Cervical canal stenosis symptoms, such as shooting pain, tingling and numbness in the neck, shoulders and arms, can be very difficult. Sitting at your desk, driving, sleeping or even being able to relax after a long day can all be disrupted. If this condition is affecting you, learning more about the full range of treatment options can help you and your doctor develop a care plan with the best chance of returning you to the quality of life you deserve.
When cervical spinal canal stenosis is diagnosed, symptoms can usually be treated with conservative methods. The goal of this type of treatment is to relieve pain and restore your range of motion. Common doctor-recommended methods include:
- Physical therapy
- Epidural steroid injections
- Hot/cold therapy
- Anti-inflammatory or pain medication
Lifestyle factors like weight, posture, activity level, nutrition and tobacco use can also contribute to cervical canal stenosis, so a treatment plan will usually address these issues if necessary. Most doctors will usually wait for a period of weeks to months to monitor the progress of the condition before exploring surgery.

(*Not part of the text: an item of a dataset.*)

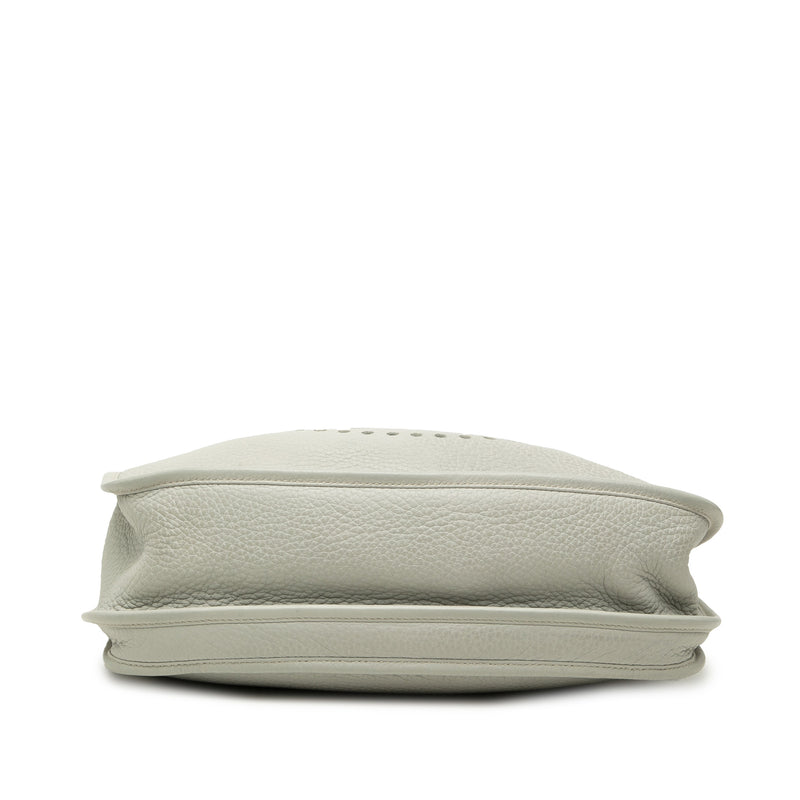 Clemence Evelyn III 33 - Image 3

Minimally invasive alternatives
If a full course of conservative treatment has not improved symptoms and surgical treatment has been recommended, contact Laser Spine Institute today. We perform minimally invasive spine surgery that is an alternative to traditional open back surgery and the large incision, overnight hospitalization and long, often painful, recovery period that can come with it. Our board-certified surgeons+ can access the spine with a less than 1-inch incision, sparing important supporting muscles and leading to an outpatient procedure with less risk of complication than traditional open spine surgery.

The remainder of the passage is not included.